Brief: The stretch wanted below opens at the line containing "Ferienhaus mit Terrasse und Whirlpool in..." and closes at the line containing "Used 2024 BMW". Please return it exactly, with no other lines.

Given information:
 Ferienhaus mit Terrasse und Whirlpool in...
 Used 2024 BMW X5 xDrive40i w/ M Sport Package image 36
...
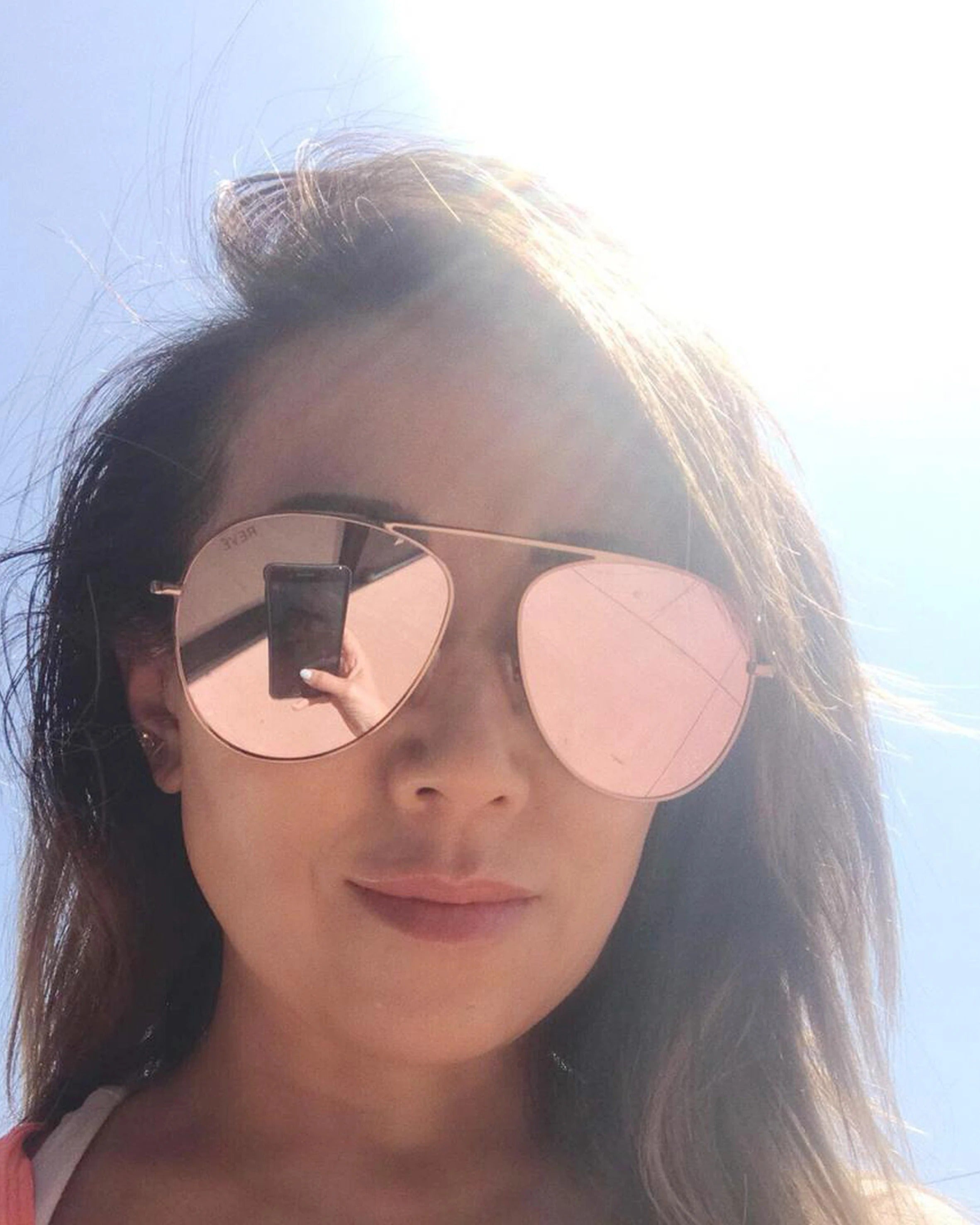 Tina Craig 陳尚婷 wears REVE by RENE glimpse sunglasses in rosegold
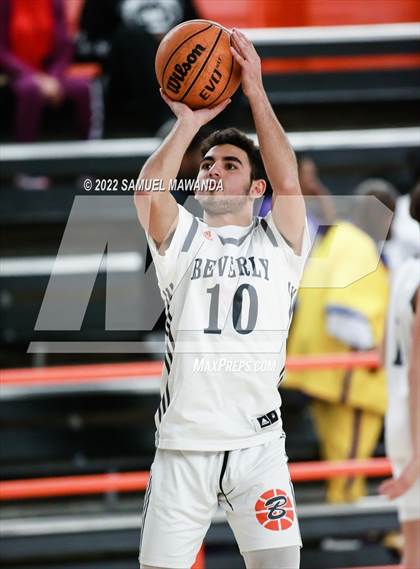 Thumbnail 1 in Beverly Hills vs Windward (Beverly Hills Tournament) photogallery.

Task response:
 Ferienhaus mit Terrasse und Whirlpool in...
 Used 2024 BMW X5 xDrive40i w/ M Sport Package image 36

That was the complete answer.